県企業庁発注の水道設備工事を巡る贈収賄事件で、入札で便宜を図る見返りに現金200万円を受け取る約束をしたとして、受託収賄罪に問われた元県職員ら2人に対し、津地裁(中村海山裁判官)は1日、それぞれに懲役1年6月、執行猶予3年、追徴金100万円(求刑懲役2年、追徴金100万円)の判決を言い渡した。また贈賄罪に問われた元社長には懲役1年、執行猶予3年(同懲役1年6月)の判決を言い渡した。
受託収賄罪に問われたのは、企業庁北勢水道事務所元副参事、小野弘春被告(60)=松阪市=と県伊勢農林水産事務所元課長、酒德和也被告(58)=伊勢市。贈賄罪に問われたのは四日市市の土木工事会社「新陽工業」元社長新井政智被告(46)=同市。
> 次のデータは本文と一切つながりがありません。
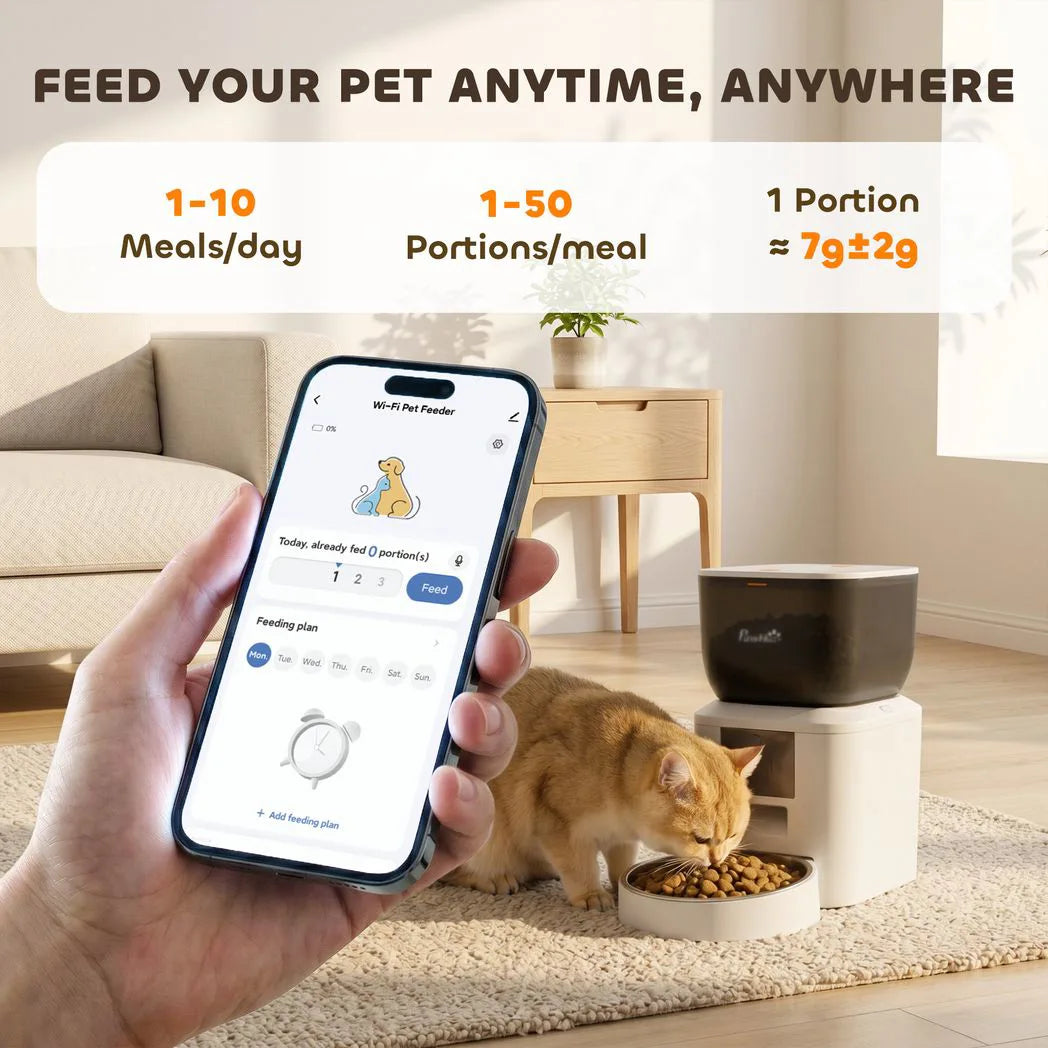 PawHut Automatic Cat Feeder with Camera, 4L WiFi APP Control, 1–10 Meals, 2-Way Audio & Dual Power Supply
中村裁判官は判決で「小野被告が職務で知った情報と酒徳被告の知見を生かして入札に必要な技術資料の作成や指導、助言をした」と指摘。「対価として新井被告が200万円の謝礼を約束し、犯行の悪質さは低いとは言えない」と述べた。
その上で「同点の入札参加会社が失格して落札したことから、公務の公正や社会一般の信頼を損なった程度が大きいとは言えない」と話し、酒徳被告が懲戒免職処分を受けるなど、いずれも社会的制裁を受けているとした。
判決などによると、小野、酒德両被告は県職員だった令和3年7月、北勢水道事務所発注工事の入札で、資料作成の助言や指導をした謝礼として、当時新陽工業の社長だった新井被告から、現金200万円を受け取る約束をしたとされる。
一見勝之知事は「内容を改めて重く受け止めている。現在、全職員への倫理研修やコンプライアンス規定の策定を進めており、県民の皆さまの信頼回復に努める」とコメントした。